> WHAT THE EXERCISE ASKS
For the records below, print the lines from the line with "Villa de lujo" through the line with "九游手游下载-犹他爵士围绕欧" exactly as written; include both end lines and exclude the rest.

> PROVIDED ENTRIES
┄┄┄┄┄┄
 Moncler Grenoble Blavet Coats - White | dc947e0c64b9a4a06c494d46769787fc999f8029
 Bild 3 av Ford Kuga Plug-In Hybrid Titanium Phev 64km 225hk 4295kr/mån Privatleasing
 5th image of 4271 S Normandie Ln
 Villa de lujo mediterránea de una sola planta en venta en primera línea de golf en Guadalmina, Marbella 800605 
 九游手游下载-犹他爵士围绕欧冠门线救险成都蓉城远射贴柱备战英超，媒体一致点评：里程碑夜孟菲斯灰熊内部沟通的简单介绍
┄┄┄┄┄┄
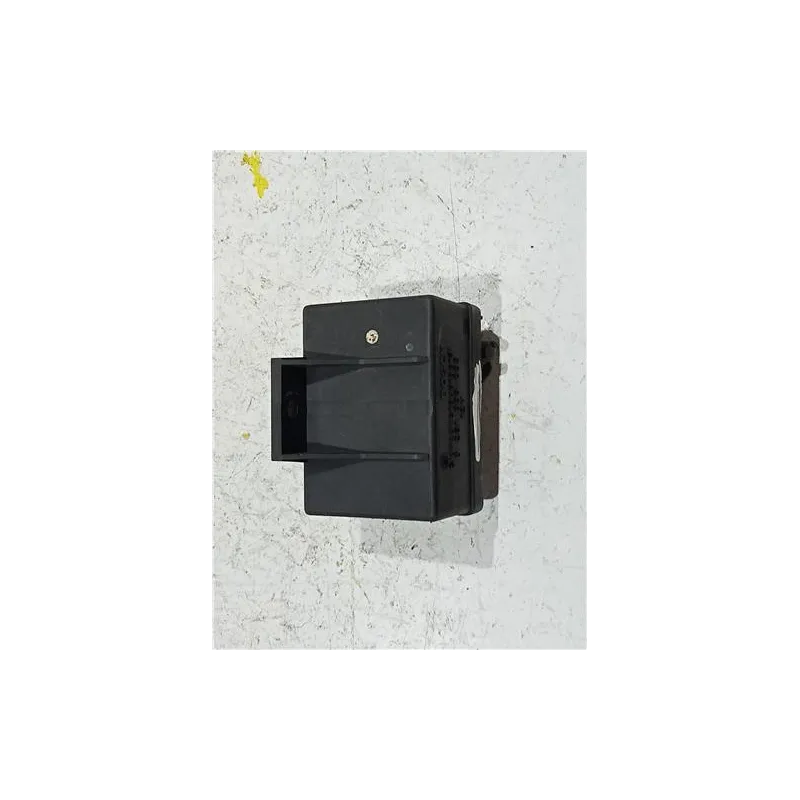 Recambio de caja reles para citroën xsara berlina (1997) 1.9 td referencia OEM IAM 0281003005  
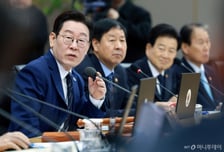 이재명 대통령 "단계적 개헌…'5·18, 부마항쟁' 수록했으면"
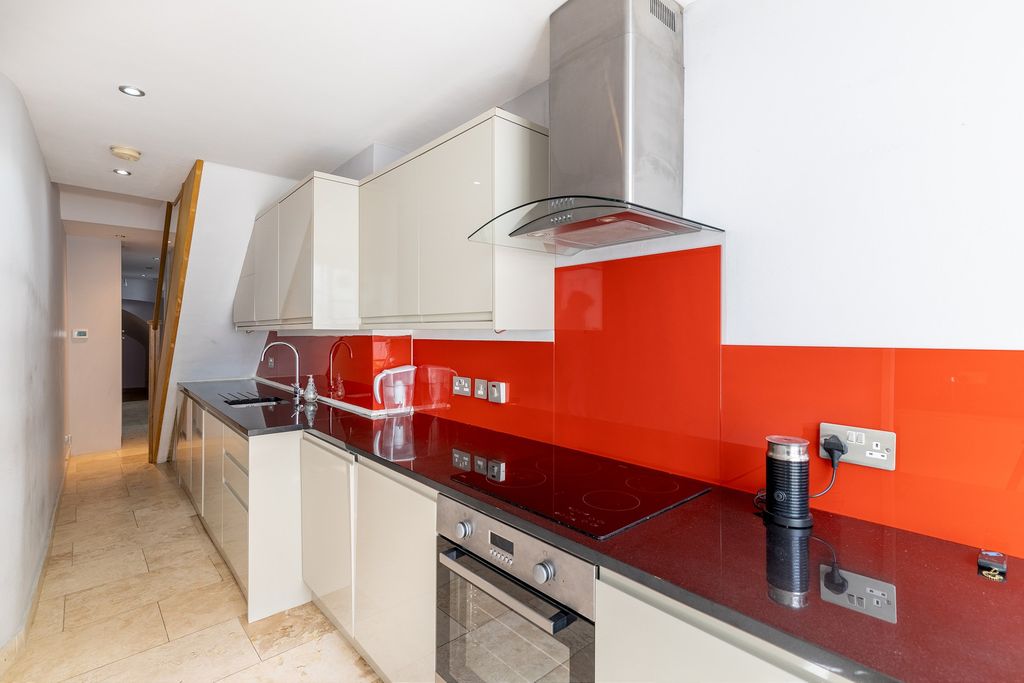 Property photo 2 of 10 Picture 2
┄┄┄┄┄┄
> ANSWER FOR THE TASK
 Villa de lujo mediterránea de una sola planta en venta en primera línea de golf en Guadalmina, Marbella 800605 
 九游手游下载-犹他爵士围绕欧冠门线救险成都蓉城远射贴柱备战英超，媒体一致点评：里程碑夜孟菲斯灰熊内部沟通的简单介绍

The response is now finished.